# [Exercise requirements]
Repeat all of the records exactly, leaving out the pictures.

Available records Start Marker

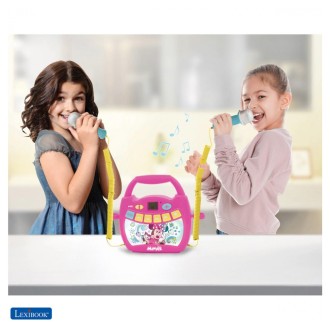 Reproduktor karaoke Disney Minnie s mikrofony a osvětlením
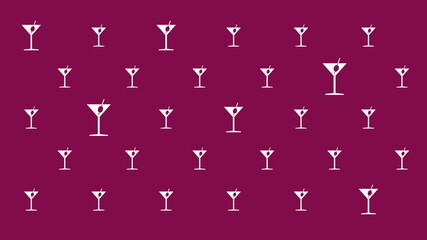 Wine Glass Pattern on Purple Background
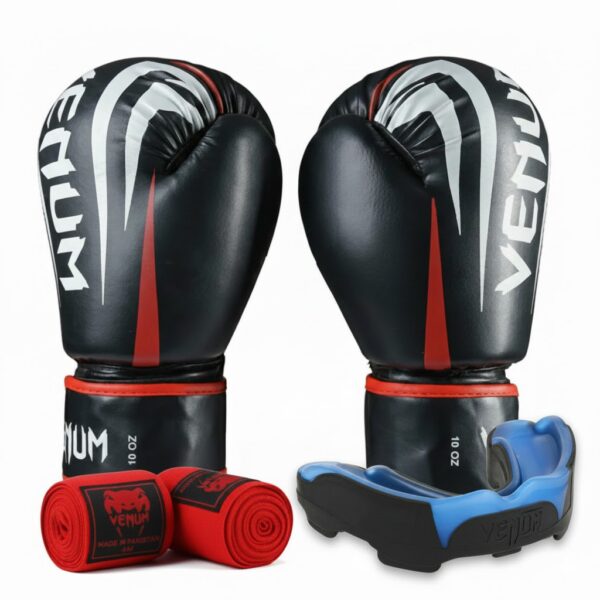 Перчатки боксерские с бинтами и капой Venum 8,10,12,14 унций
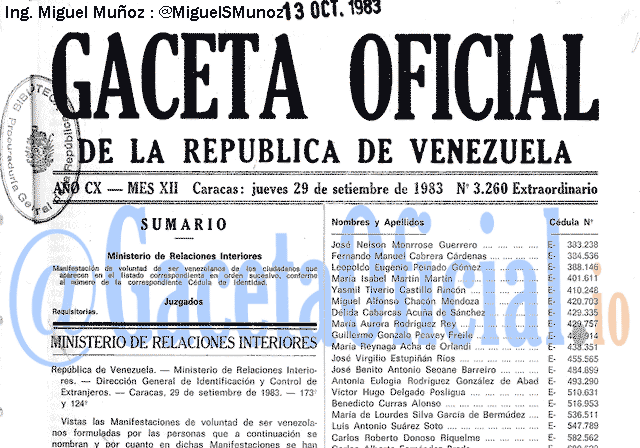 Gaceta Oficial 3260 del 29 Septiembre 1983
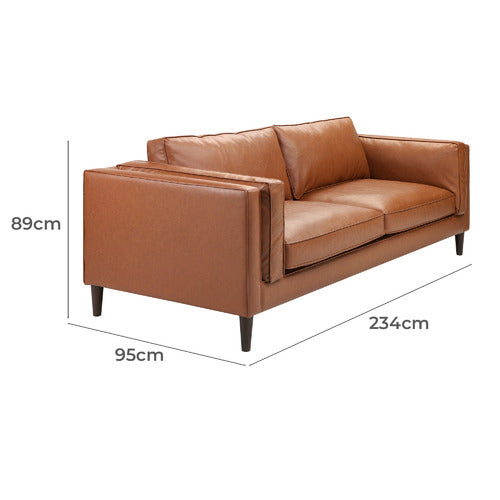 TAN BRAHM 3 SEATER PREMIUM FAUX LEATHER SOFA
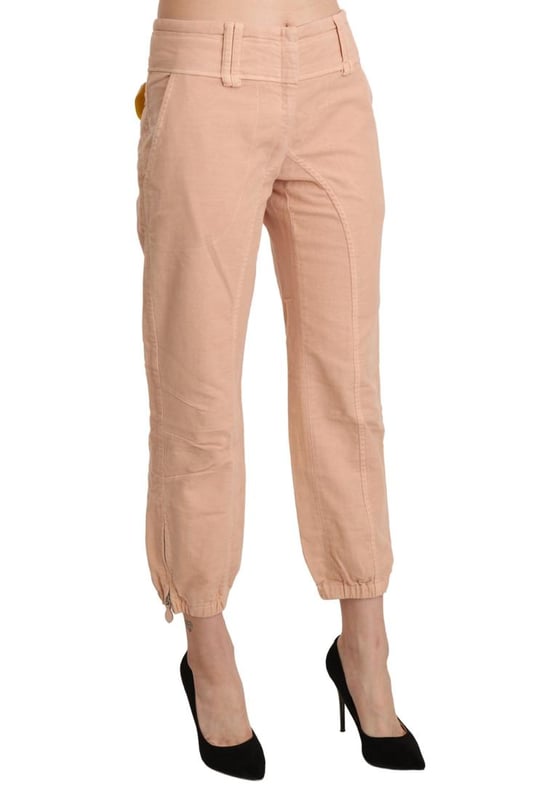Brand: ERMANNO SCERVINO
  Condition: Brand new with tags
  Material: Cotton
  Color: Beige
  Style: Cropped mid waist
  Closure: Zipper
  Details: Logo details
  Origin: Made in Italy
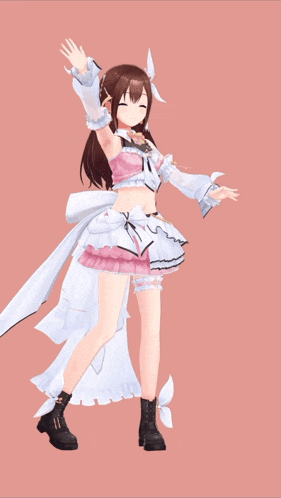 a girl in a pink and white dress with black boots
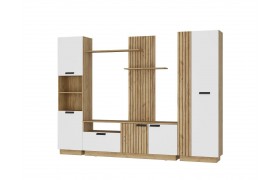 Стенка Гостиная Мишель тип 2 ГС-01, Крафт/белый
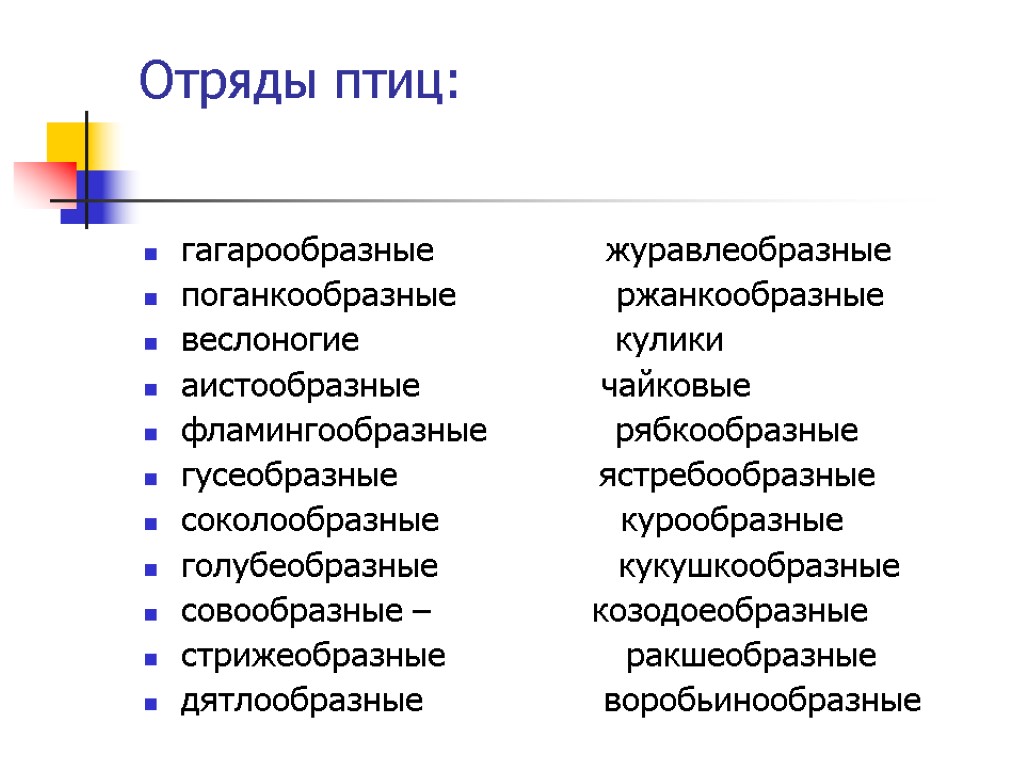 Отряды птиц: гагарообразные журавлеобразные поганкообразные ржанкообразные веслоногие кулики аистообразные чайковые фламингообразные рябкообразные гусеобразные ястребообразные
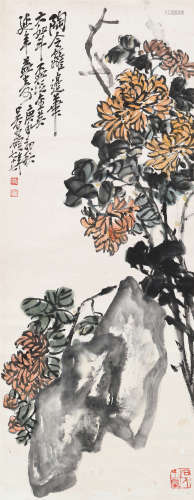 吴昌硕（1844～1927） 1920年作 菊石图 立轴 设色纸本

Available records End Marker

# [Answer section]
 Reproduktor karaoke Disney Minnie s mikrofony a osvětlením
 Wine Glass Pattern on Purple Background
 Перчатки боксерские с бинтами и капой Venum 8,10,12,14 унций
 Gaceta Oficial 3260 del 29 Septiembre 1983
 TAN BRAHM 3 SEATER PREMIUM FAUX LEATHER SOFA
Brand: ERMANNO SCERVINO
  Condition: Brand new with tags
  Material: Cotton
  Color: Beige
  Style: Cropped mid waist
  Closure: Zipper
  Details: Logo details
  Origin: Made in Italy
 a girl in a pink and white dress with black boots
 Стенка Гостиная Мишель тип 2 ГС-01, Крафт/белый
 Отряды птиц: гагарообразные журавлеобразные поганкообразные ржанкообразные веслоногие кулики аистообразные чайковые фламингообразные рябкообразные гусеобразные ястребообразные
 吴昌硕（1844～1927） 1920年作 菊石图 立轴 设色纸本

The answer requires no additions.